On your point about the US looking to provoke a war with China, well, I think that is true, but only up to a certain extent.
Like the Japanese during WWII, the US is internally deeply divided on the matter. There are those in the US who sees China as an existential threat to the US, and so are pushing as hard as they can to start a war with China as soon as possible; but there are also others who thinks Russia is the bigger threat and wants to kill the bear before focusing on the Dragon; and there are those who don't want war at all.
But above all, those in the US who wants war with China knows they are in the minority, and that the American people will not tolerate or support a war with China that will cost thousands of American lives. That forces them to try and use third party forces instead of looking for direct confrontation.
I think Steve Bannon was firmly in the camp who wanted war with China, but with his fall from grace, there is a chance the US is no longer looking for a fight.
TBH, I think Hillary Clinton was a far more fanatical believer in the need to fight China than Trump, as exemplified during the time as Secretary of State.
Broadly speaking, the US hawks originally wanted to encourage all the other states in the SCS dispute to make sweeping land grabs, which they could then 'lease' to the US to build military bases on, which would allow the US to put a stranglehold on the world's busiest shipping lines which trillions of dollars of trade passes through, mostly headed to China!
The US hawks reasoned that the SCS is far enough that China may not have the will to fight for it, and even if it does, it is far away enough from Chinese mainland bases as to not allow the Chinese to enjoy home field advantage on a fight.
But China showed that it not only had the will to make the issue one of core national interest (thereby signalling its willingness to fight a war over the issue); it also surprised the US with its raw industrial might in being able to build massive, viable and mutually supportive military bases out of basically nothing.

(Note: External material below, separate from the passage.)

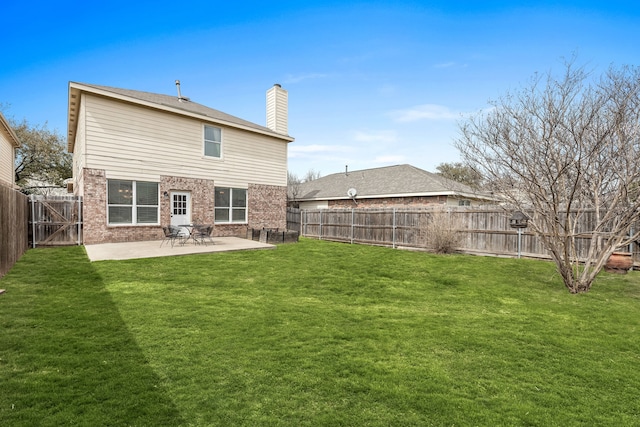 rear view of house with a fenced backyard, a chimney, a lawn, a patio area, and brick siding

Those major bases in the SCS are worth much more than their equivalent number of carriers in a fight. Not only could those bases support more and heavier aircraft than even USN supercarriers, those islands are pretty much invulnerable to attack. You can hit them with hundreds or even thousands of missiles and bombs, but they can be operational again within hours of the heaviest raids. OTOH, a supercarriers can be mission killed or even sunk outright if hit by a single weapon, especially something like the DF21D AShBM.
After their plans in the SCS fell through, the US war hawks turned their attention to NK.
But I think again, the goal was not to start a fight directly, but instead to try and pressure and trick China into attacking NK for America.
I can see Trump being tickled by the idea of tricking China into taking out NK and bearing the full military, diplomatic and post conflict economic reconstruction costs of such a calamity. But once it become obvious China wasnt going to take the bait, it left Trump rather exposed, as he is going to find it hard to walk all that rhetoric back without looking weak and stupid.
That's probably how and why Trump's attitude towards China changed so much - because Xi probably saw an opportunity and offered to help Trump de-escalate with grace while allowing Trump to take full credit publically. And that is exactly what Trump desperately needed.
Chinese regulators ruling in favour of Trump Org in many longstanding legal disputes in China no doubt didn't hurt either. But Trump is of course above allowing such personal gains to affect his presidential decisions.